Benozzo Gozzoli, Autoportrait, détail des Rois Mages

Leur incantation résonne encore dans l’amphithéâtre de l’EHESS, dans le jardin de l’école de son enfance (13, rue d’Aurelle-de-Paladines à El-Biar), et aussi dans celui d’une autre école, rue d’Ulm. Derrida est à la fois les 4 rabbins. Il enseigne aux 4 niveaux, non avec sa pensée mais avec son sang, les moyens de la confession. Dans l’amphithéâtre, il entend à peine sa propre voix. Il faudrait qu’il découpe les mots, les lèvres et les langues pour ne plus être enfermé dans l’exiguïté de son lexique, il faudrait qu’il fouille les langues, toutes les langues du Pardès auquel seule la fine lame de l’écriture peut conduire.

D’où l’hypothèse selon laquelle c’est de ça, la circoncision, que, sans le savoir, en n’en parlant jamais ou en parlant au passage, comme d’un exemple, je parlais ou me laissais parler toujours, à moins que, autre hypothèse, la circoncision elle-même ne soit qu’un exemple de ça dont je parlais, oui mais j’ai été, je suis et je serai toujours, moi et non un autre, circoncis, et il y a là une région qui n’est plus d’exemple, c’est elle qui m’intéresse.

Anch’io sono circonsiso, relassati!

À l’encontre de Derridabase, Circonfession n’est pas un théologiciel: il n’y a pas pour Derrida de transcendance séparée d’avec sa propre peau. La circoncision n’est pas un événement passé, achevé, elle se répète, elle se réinvente: rouvrir la plaie de la circoncision est une figure de la déconstruction. Derrida l’écrit dans sa peau, il la coupe, c’est une déchirure. L’autre sépare la peau, étrange condition qui fait espermer, écrire sur une autre peau, une peau plus grande, qui tient lieu de porte-parole provisoire, tendue au-dessus de soi, comme celle, sublime, d’Augustin -mais à toujours re-déchirer.

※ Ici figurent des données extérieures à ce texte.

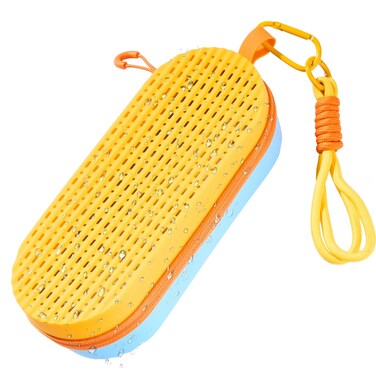 VemSinit Swim Goggle Case for Swimming Goggles, Large Capacity Silicone Swimming Goggles Protective Cover with Drainage Holes, Portable Glasses Storage Bag with Hook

Les Rois Mages, Gozzoli, détail

Si ce livre ne me transforme de fond en comble, s’il ne me donne pas le sourire divin devant la mort, la mienne et celle des aimés, s’il ne m’aide pas à aimer plus encore la vie, il aura échoué, quels que soient les signes éventuels de son succès, je ne veux pas qu’il échoue à jouer la réussite comme un échec où la perte vaut salut, jeu trop connu, je veux qu’il réussisse décidément et que je sois le premier, voire le seul à le savoir vraiment, là où la limite est la circoncision, la chose, le mot, le livre, à faire sauter, non ce n’est pas ça, mais à traiter, aimer de telle sorte que je puisse écrire, ou mieux, vivre sans plus avoir besoin d’écrire.

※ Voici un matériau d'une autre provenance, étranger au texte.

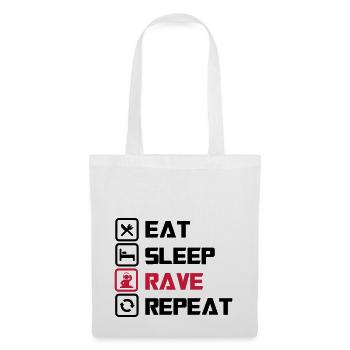 sommeil Rave repeat - Sac en tissu - blanc - Devant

Peut-être existe-t-il une autre façon, secrète, de lire Circonfession. Une autre circoncision. Une circoncision où l’autre ne se contente pas de lire le texte mais le mange (à la place du prépuce), le suce comme on tète une mère. Ce qui est secret ici n’est pas le fantasme de fellation, c’est la place de l’écriture, le désir de littérature: un secret conscient, le secret de sa souffrance. Si le livre échoue, comme les autres, le prépuce-anneau-texte n’est pas mangé, et il faut continuer d’écrire, jusqu’au dernier jour: le sourire divin devant la mort.

François prêche aux oiseaux, Gozzoli, détail

Si tout ce que Derrida a écrit n’est qu’une réponse à cette question (Qu’est-ce que la circoncision?), il affirmera en une autre circonstance, une seule, en 1988: Je ne parle que de ça. À propos du nazisme de Heidegger: Comment le lire sans se laisser contaminer par le pire? On me reproche de ne pas dénoncer le nazisme de Heidegger! Alors que je ne parle que de cela.